▸ What is needed: Find "Calciphylaxis Photo RLE. JETem 2025", then copy its line and every later line of the entries exactly through the end, leaving all pictures out.

*** Opening of Data supplied ***

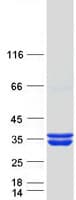 Human HMGCL Protein (Recombinant Myc-DDK (Flag))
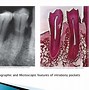 Image result for Gingival and Periodontal Pocket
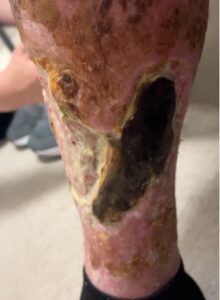 Calciphylaxis Photo RLE. JETem 2025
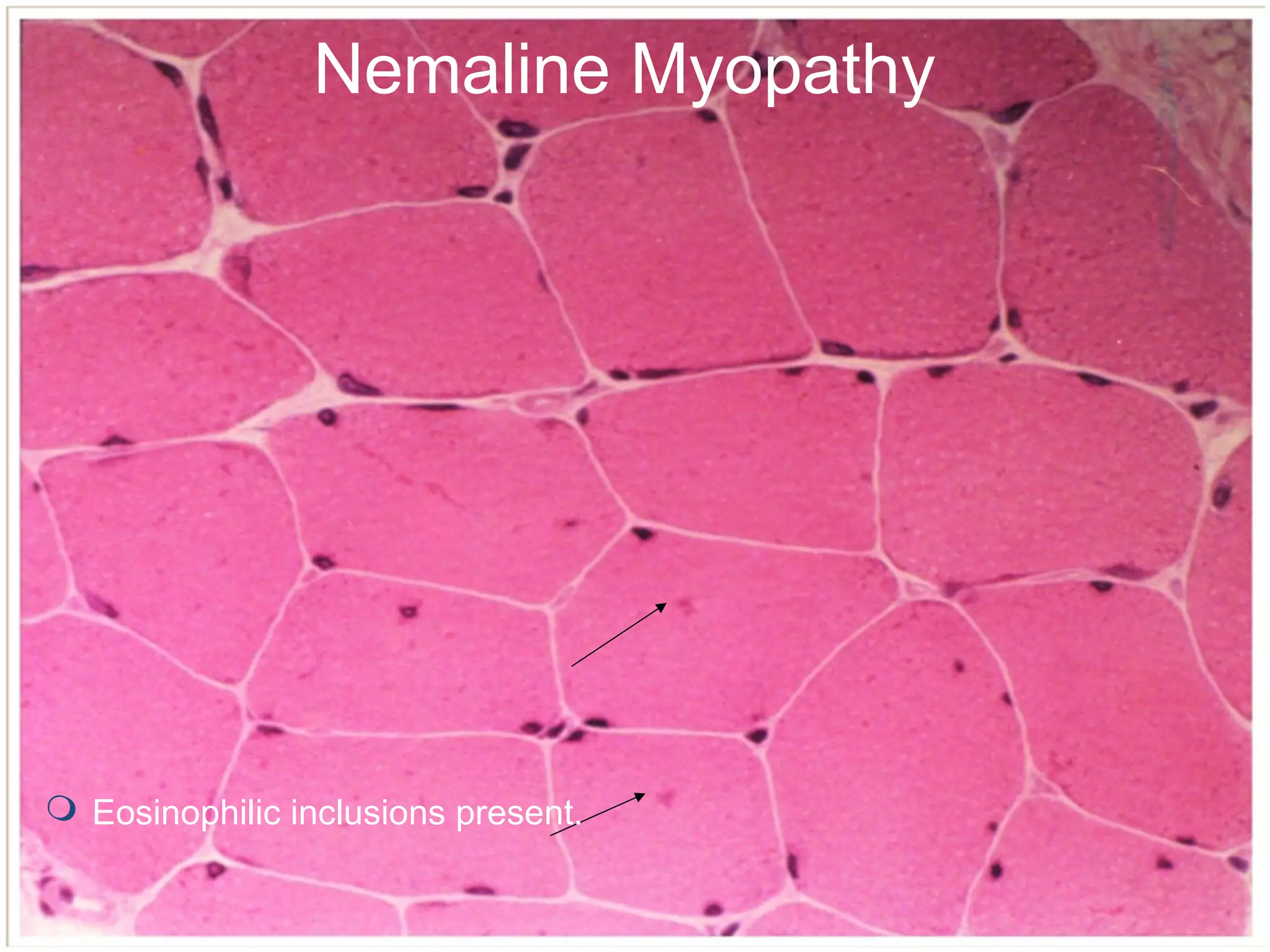 Myopathies - In detail (Classification and images) | PPT
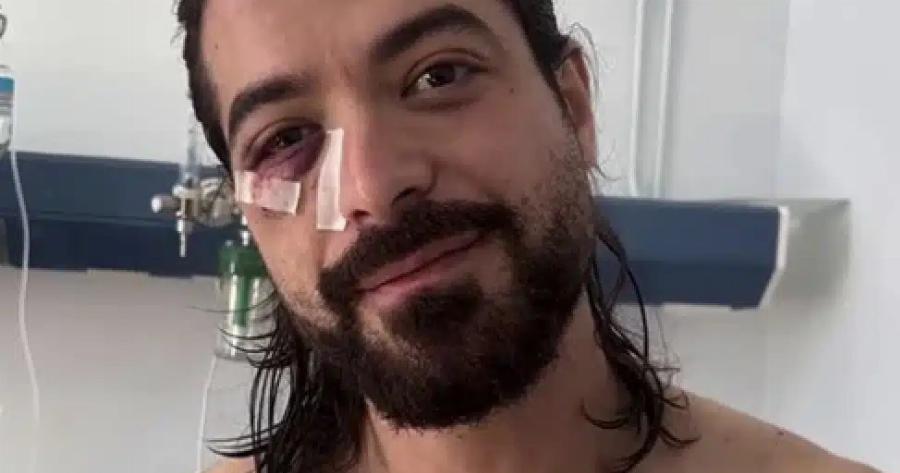 Έσπασε τη σιωπή του ο Άρης Μουγκοπέτρος για το Aτuxnμα με την Kpoτiδα που του στέpnσε τα 2 του δάκτυλα: «Νόμιζα ότι…»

*** Close of Data supplied ***

▸ Task response:
 Calciphylaxis Photo RLE. JETem 2025
 Myopathies - In detail (Classification and images) | PPT
 Έσπασε τη σιωπή του ο Άρης Μουγκοπέτρος για το Aτuxnμα με την Kpoτiδα που του στέpnσε τα 2 του δάκτυλα: «Νόμιζα ότι…»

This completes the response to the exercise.